2025-06-12 01:58:17 +00:00 · 2021-11-21 15:42:46 +01:00
parent 5ec859cece
commit 36514a2e4f
2 changed files with 245 additions and 271 deletions
--- a/docs/binaryonly_fuzzing.md
+++ b/docs/binaryonly_fuzzing.md
@ -1,225 +0,0 @@
 # Fuzzing binary-only programs with AFL++
  AFL++, libfuzzer and others are great if you have the source code, and
  it allows for very fast and coverage guided fuzzing.
  However, if there is only the binary program and no source code available,
  then standard `afl-fuzz -n` (non-instrumented mode) is not effective.
  The following is a description of how these binaries can be fuzzed with AFL++.
 ## TL;DR:
  qemu_mode in persistent mode is the fastest - if the stability is
  high enough. Otherwise try retrowrite, afl-dyninst and if these
  fail too then try standard qemu_mode with AFL_ENTRYPOINT to where you need it.
  If your target is a library use utils/afl_frida/.
  If your target is non-linux then use unicorn_mode/.
 ## QEMU
  Qemu is the "native" solution to the program.
  It is available in the ./qemu_mode/ directory and once compiled it can
  be accessed by the afl-fuzz -Q command line option.
  It is the easiest to use alternative and even works for cross-platform binaries.
  The speed decrease is at about 50%.
  However various options exist to increase the speed:
   - using AFL_ENTRYPOINT to move the forkserver entry to a later basic block in
     the binary (+5-10% speed)
   - using persistent mode [qemu_mode/README.persistent.md](../qemu_mode/README.persistent.md)
     this will result in 150-300% overall speed increase - so 3-8x the original
     qemu_mode speed!
   - using AFL_CODE_START/AFL_CODE_END to only instrument specific parts
  Note that there is also honggfuzz: [https://github.com/google/honggfuzz](https://github.com/google/honggfuzz)
  which now has a qemu_mode, but its performance is just 1.5% ...
  As it is included in AFL++ this needs no URL.
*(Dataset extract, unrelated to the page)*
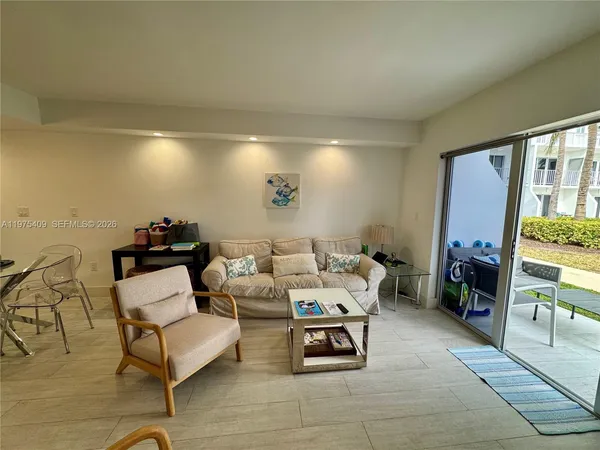 $5,500 | 881 Ocean Drive, Unit TH7, Key Biscayne, FL 33149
  If you like to code a customized fuzzer without much work, we highly
  recommend to check out our sister project libafl which will support QEMU
  too:
  [https://github.com/AFLplusplus/LibAFL](https://github.com/AFLplusplus/LibAFL)
 ## AFL FRIDA
  In frida_mode you can fuzz binary-only targets easily like with QEMU,
  with the advantage that frida_mode also works on MacOS (both intel and M1).
  If you want to fuzz a binary-only library then you can fuzz it with
  frida-gum via utils/afl_frida/, you will have to write a harness to
  call the target function in the library, use afl-frida.c as a template.
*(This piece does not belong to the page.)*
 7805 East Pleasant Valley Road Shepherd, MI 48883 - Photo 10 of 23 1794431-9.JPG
  Both come with AFL++ so this needs no URL.
  You can also perform remote fuzzing with frida, e.g. if you want to fuzz
  on iPhone or Android devices, for this you can use
  [https://github.com/ttdennis/fpicker/](https://github.com/ttdennis/fpicker/)
  as an intermediate that uses AFL++ for fuzzing.
  If you like to code a customized fuzzer without much work, we highly
  recommend to check out our sister project libafl which supports Frida too:
  [https://github.com/AFLplusplus/LibAFL](https://github.com/AFLplusplus/LibAFL)
  Working examples already exist :-)
 ## WINE+QEMU
  Wine mode can run Win32 PE binaries with the QEMU instrumentation.
  It needs Wine, python3 and the pefile python package installed.
  As it is included in AFL++ this needs no URL.
 ## UNICORN
  Unicorn is a fork of QEMU. The instrumentation is, therefore, very similar.
  In contrast to QEMU, Unicorn does not offer a full system or even userland
  emulation. Runtime environment and/or loaders have to be written from scratch,
  if needed. On top, block chaining has been removed. This means the speed boost
  introduced in  the patched QEMU Mode of AFL++ cannot simply be ported over to
  Unicorn. For further information, check out [unicorn_mode/README.md](../unicorn_mode/README.md).
  As it is included in AFL++ this needs no URL.
 ## AFL UNTRACER
   If you want to fuzz a binary-only shared library then you can fuzz it with
   utils/afl_untracer/, use afl-untracer.c as a template.
   It is slower than AFL FRIDA (see above).
 ## ZAFL
  ZAFL is a static rewriting platform supporting x86-64 C/C++, stripped/unstripped, 
  and PIE/non-PIE binaries. Beyond conventional instrumentation, ZAFL's API enables 
  transformation passes (e.g., laf-Intel, context sensitivity, InsTrim, etc.).
  Its baseline instrumentation speed typically averages 90-95% of afl-clang-fast's.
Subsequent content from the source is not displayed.